## ASSIGNMENT
Check every line below for the string "Cosmetic". Copy the ones that have it.

## DATA PROVIDED
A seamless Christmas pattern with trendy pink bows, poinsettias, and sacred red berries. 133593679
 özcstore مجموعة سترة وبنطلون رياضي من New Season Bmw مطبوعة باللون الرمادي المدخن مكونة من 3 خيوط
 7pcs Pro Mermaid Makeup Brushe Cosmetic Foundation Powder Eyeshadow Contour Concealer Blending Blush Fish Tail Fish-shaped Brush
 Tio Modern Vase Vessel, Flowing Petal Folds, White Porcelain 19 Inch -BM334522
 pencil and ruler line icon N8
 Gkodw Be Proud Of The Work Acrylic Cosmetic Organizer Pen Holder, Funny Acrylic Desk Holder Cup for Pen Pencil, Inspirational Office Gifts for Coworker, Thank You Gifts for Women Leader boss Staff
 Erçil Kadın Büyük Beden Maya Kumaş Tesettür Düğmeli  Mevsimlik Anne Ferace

## SOLUTION TO THIS EXERCISE
 7pcs Pro Mermaid Makeup Brushe Cosmetic Foundation Powder Eyeshadow Contour Concealer Blending Blush Fish Tail Fish-shaped Brush
 Gkodw Be Proud Of The Work Acrylic Cosmetic Organizer Pen Holder, Funny Acrylic Desk Holder Cup for Pen Pencil, Inspirational Office Gifts for Coworker, Thank You Gifts for Women Leader boss Staff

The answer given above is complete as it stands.